BD CBA Analysis Software
Built for BD Biosciences
BD still distributes the software years after delivery. It's the free alternative to FlowJo's paid CBA plugin, making it the default for many researchers.
My second engagement with BD Biosciences. They had a licensed third-party tool for analyzing cytometric bead array (CBA) data, and that license was expiring. CBA is a multiplexed immunoassay technique (it measures multiple proteins in a single sample). BD needed their own replacement before the deadline, and they needed it to be better than what they had. Years later, BD still distributes the software on their website. The only alternative for CBA analysis is a FlowJo license plus their CBA plugin. BD’s tool is free with a BD account, which makes it the default choice for many researchers running CBA assays.
The Analysis Pipeline
The previous workflow was fragmented: export from the instrument, import into separate software, run manual steps, export again. I built a single desktop application that handles the full pipeline in six steps.

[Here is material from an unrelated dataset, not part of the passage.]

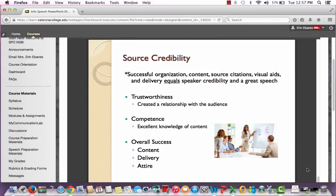For your source credibility — I put a star next to this because it's one of the most important bullet points in the entire presentation. Successful organization, content, source citations, visual aids, and delivery equals speaker credibility and a great speech. You've got to have all of these components to pull off a fantastic speech and establish trust with the audience. For your trustworthiness, that means you've created a relationship with the audience and shown that you're competent with excellent knowledge of your topic. For your overall success, your content, delivery, and appearance all need to work together.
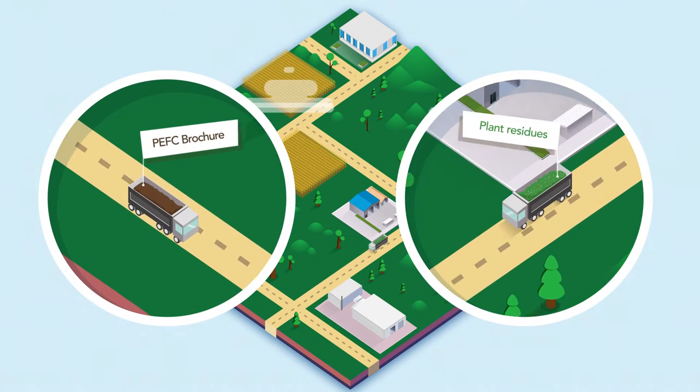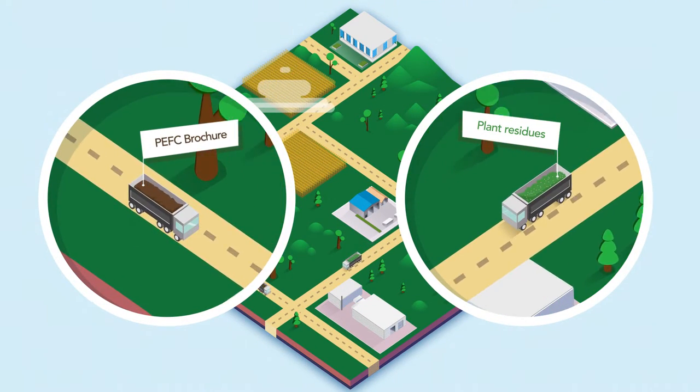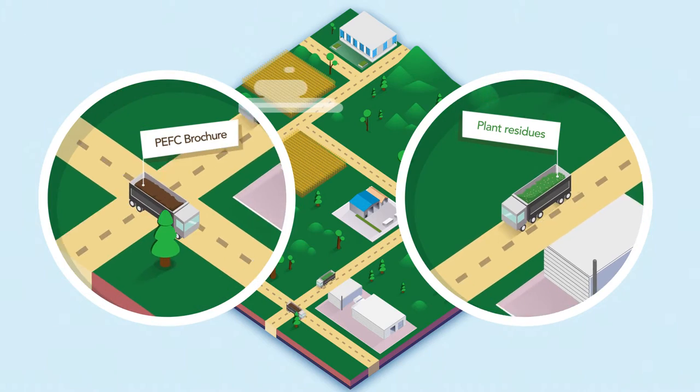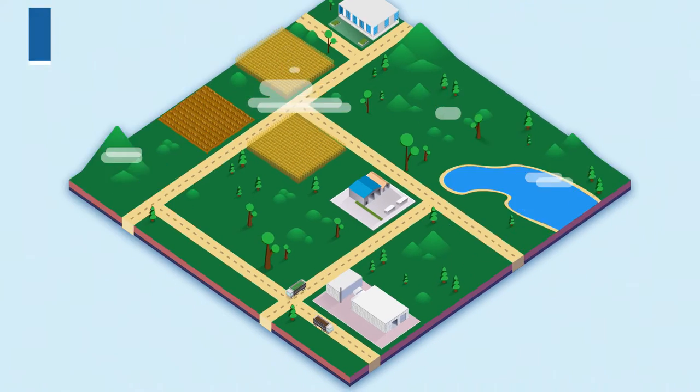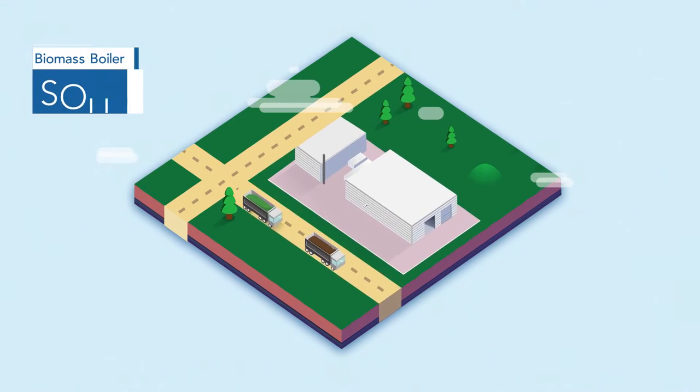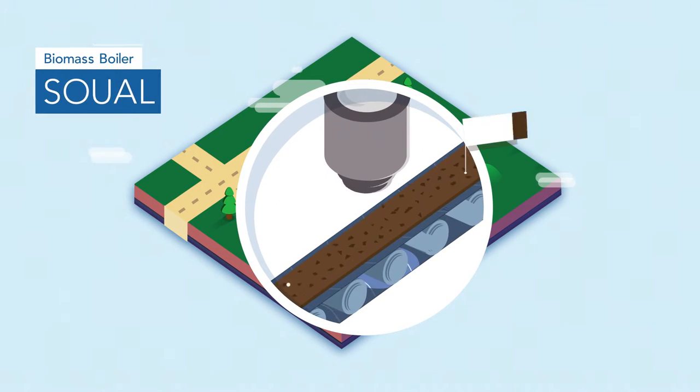This results in fuels composed of 60% wood chips and 40% plant residue.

FCS file import reads flow cytometry standard files (versions 2.0 through 3.1) and auto-sorts them to detect which are standards and which are samples. Drag and drop a folder of .fcs files and the software figures out what it’s looking at.
Bead Kit Templates let researchers define reusable kit configurations for BD CBA Kits and Flex Sets. Each template specifies which analytes are in the kit, their bead positions, and the expected concentrations for standard curves. Set it up once, reuse it across experiments.
Population definition uses a FlowGrid clustering algorithm to automatically gate bead populations and filter debris out of the data. Researchers can adjust gates manually, but the automatic detection handles the common case without intervention.
Analyte gating presents an interactive scatter plot where each bead population gets color-coded by analyte assignment. If the automatic assignment is wrong, researchers drag a population to reassign it. This was one of the biggest UX improvements over the previous software, where gating was entirely manual.
Standard curve fitting runs per-analyte regression with the researcher’s choice of model: Linear, Polynomial, Exponential, Power, 4-Parameter Logistic, or 5-Parameter Logistic (Hill equation). The regression engine uses Levenberg-Marquardt optimization under the hood. D3.js renders the curves interactively so researchers can see how well the fit matches their data and switch models on the fly.
Reporting provides three views of the results (by analyte, by sample, or by replicate) and exports to PDF or Excel. The goal was to get researchers from raw instrument output to a report they could hand to a collaborator without ever leaving the application.
Technical Details
It’s an Electron application with a CI/CD pipeline producing signed artifacts for Linux, Windows, and Mac. Experiments persist in a custom .cba file format so researchers can save their work, reopen it later, and pick up where they left off. The application includes an auto-update mechanism for deploying new versions.
I was the Principal Software Engineer and Lead Developer on this project from August 2021 through January 2022. I wrote about 90% of the codebase. A second developer contributed UI work for roughly two months. I gathered requirements directly from BD’s research scientists, created the project plan, and made the architectural decisions.